How do I detect that an approver is actually unavailable?

Read two sources at route time: an out-of-office calendar modeled as explicit UTC intervals, and the delegation table that records a standing hand-off. The is_available check returns false when the routing moment falls inside any out-of-office window, and a delegation-table entry is treated as an unconditional substitution. Checking both at assignment, rather than waiting for a timeout, is what stops the report from stalling in the first place.

What order should the fallback ladder use?

Try the named delegate first, then the skip-level manager, then a role pool selected with a stable tie-break, because that order moves from the most specific, intended stand-in to the most general safety net. Keep the order in configuration so finance can adjust it, and pin it so every audit reconstruction resolves to the same ladder. The first candidate that is available and not already in the chain wins.

How do I keep a fallback from re-approving or looping?

Pass the set of approvers already in the report’s chain into the selector and skip any candidate that appears in it. This is the availability-side complement to the cycle guard in the routing graph: the graph prevents a delegation edge from revisiting a node, and the fallback selector prevents a substitute from being someone who already signed, so no approver is ever asked to approve the same report twice.

What happens when every fallback is also unavailable?

The selector raises a no-fallback error rather than returning an unavailable approver, and the report is routed to an exception queue where a human resolves the staffing gap.

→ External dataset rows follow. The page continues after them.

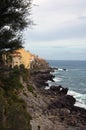 Awesome landscape of colorful houses on the cliffs. Waves are crashing the rocks, Tyrrhenian sea in autumn season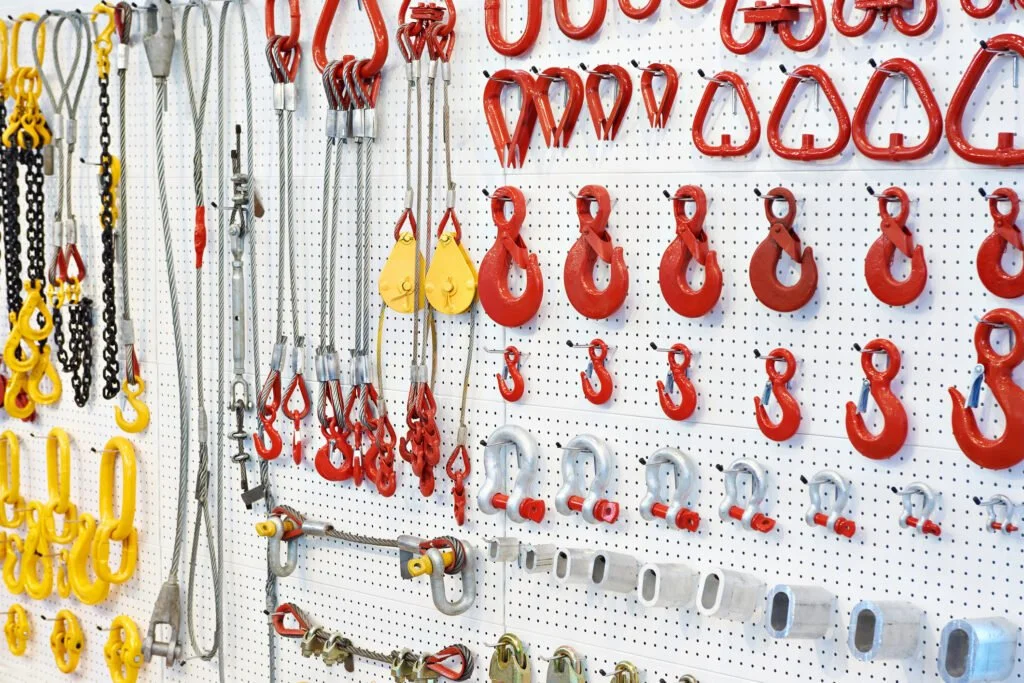 Ganci e catene di sollevamento rossi, gialli e argentati appesi su una parete forata in un negozio di attrezzature industriali di TSC S.r.l.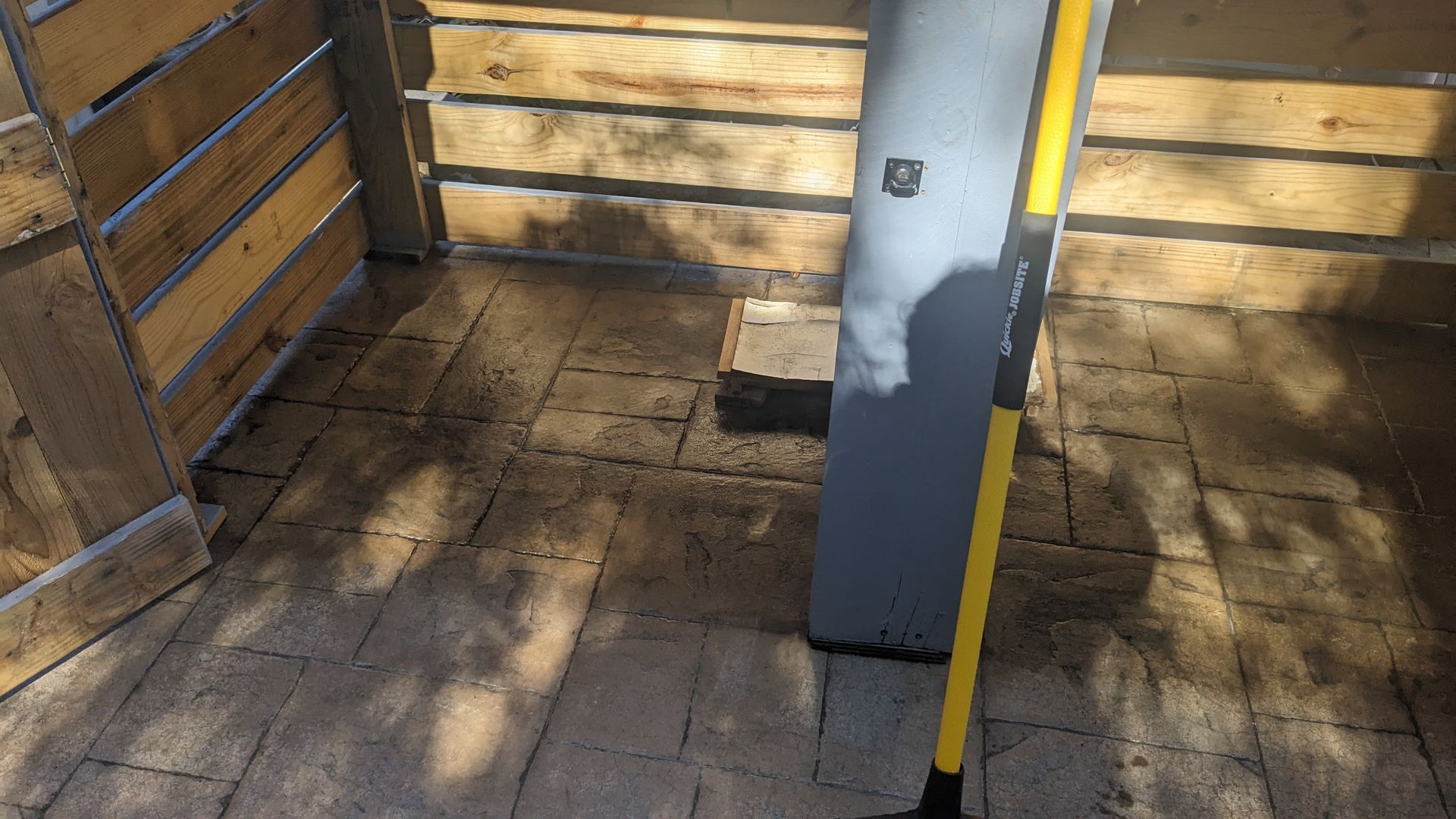 A yellow shovel is sitting on a brick floor next to a wooden fence.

The SLA monitor keeps tracking the deadline so the report is still visible and time-bounded. Silently holding the report would recreate exactly the stall this design exists to prevent.

Is the substitution recorded for audit?

Yes. Every decision, including the case where the primary approver was available and kept, writes a SHA-256 chained audit row naming the primary, the acting approver, whether a substitution occurred, and the availability source that drove it. Folding the previous entry’s hash into each row makes the trail tamper-evident, so an auditor can prove both who approved and why a different name signed.